§ Work item: With pictures omitted, restate the data word for word.

§ Dataset section:
■ ■ ■ ■ ■ ■ ■
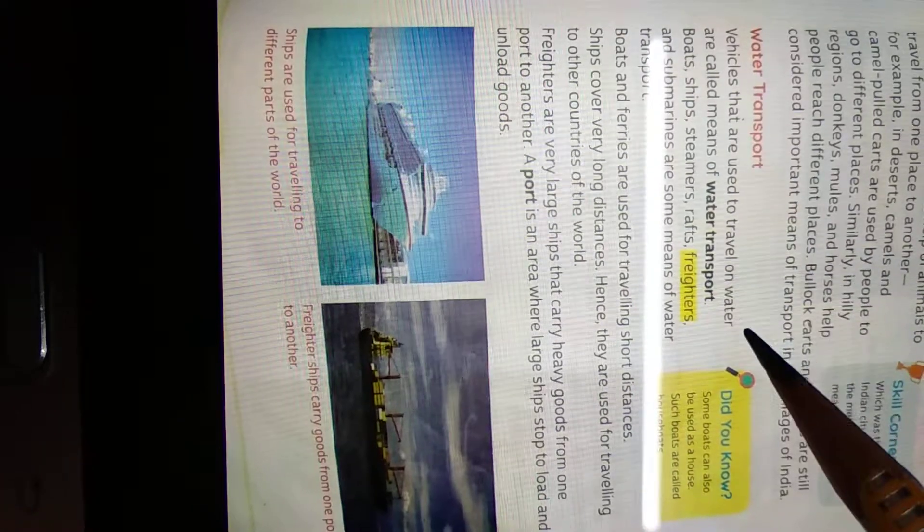Now, water transport. Vehicles that are used to travel on water are called means of water transport. Boats, ships, steamers, rafts, freighters, and submarines are some means of water transport. Boats and ferries are used for traveling short distances.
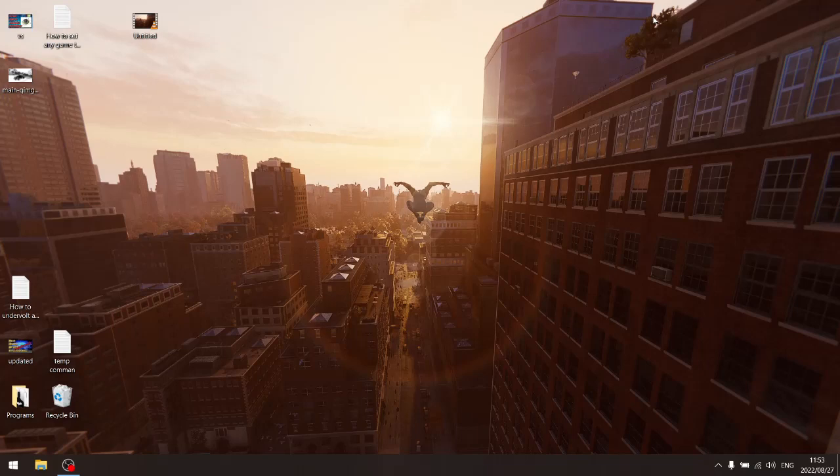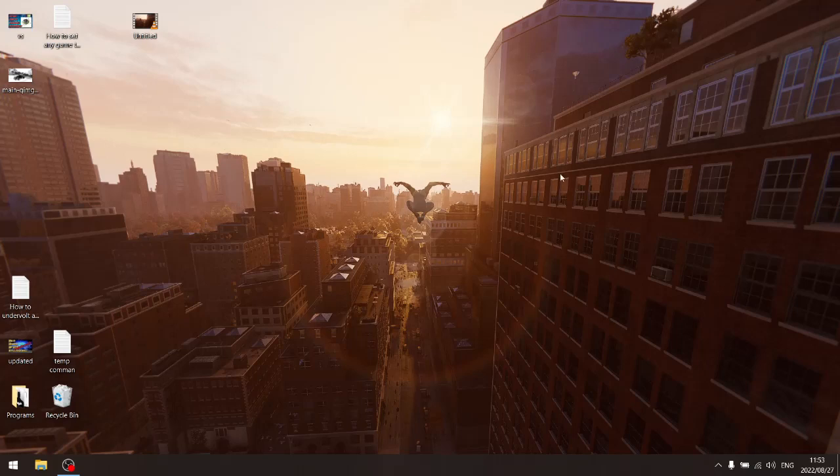Now an example of a CPU heavy game that released recently is Spider-Man Remastered. It's very CPU intensive because obviously as you swing through the city of New York, the CPU has to make all the calculations of all the buildings, the pedestrians, and the cars.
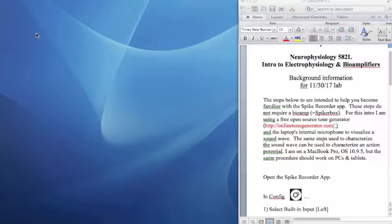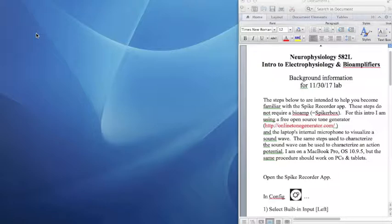Hello! The goal of these screencasts will be to provide background information for the BIO582 lab held last November 30th, 2017. This first video will summarize the key features of the Spike Recorder application, focusing on the steps required to measure the elapsed time between two events.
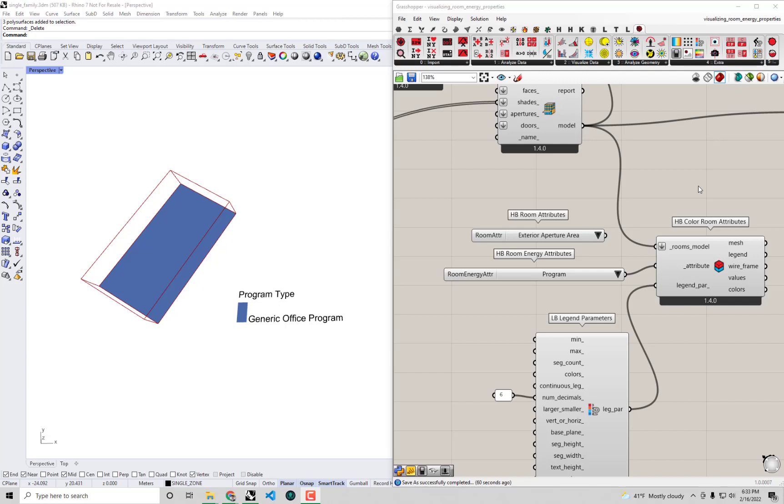Hello everyone and welcome back to our series on energy modeling fundamentals with Honeybee. In our previous video we discovered that our single family energy model has had a generic office program assigned to it from the beginning, which means it has a bunch of schedules and loads that are in line with that office usage. So in this video we're going to try and change that program over to something that's more reflective of a residential single family home and hopefully get a better set of assumptions for our energy model in terms of those schedules and loads.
■ ■ ■ ■ ■ ■ ■
§ Result of the task:
Now, water transport. Vehicles that are used to travel on water are called means of water transport. Boats, ships, steamers, rafts, freighters, and submarines are some means of water transport. Boats and ferries are used for traveling short distances.
Now an example of a CPU heavy game that released recently is Spider-Man Remastered. It's very CPU intensive because obviously as you swing through the city of New York, the CPU has to make all the calculations of all the buildings, the pedestrians, and the cars.
Hello! The goal of these screencasts will be to provide background information for the BIO582 lab held last November 30th, 2017. This first video will summarize the key features of the Spike Recorder application, focusing on the steps required to measure the elapsed time between two events.
Hello everyone and welcome back to our series on energy modeling fundamentals with Honeybee. In our previous video we discovered that our single family energy model has had a generic office program assigned to it from the beginning, which means it has a bunch of schedules and loads that are in line with that office usage. So in this video we're going to try and change that program over to something that's more reflective of a residential single family home and hopefully get a better set of assumptions for our energy model in terms of those schedules and loads.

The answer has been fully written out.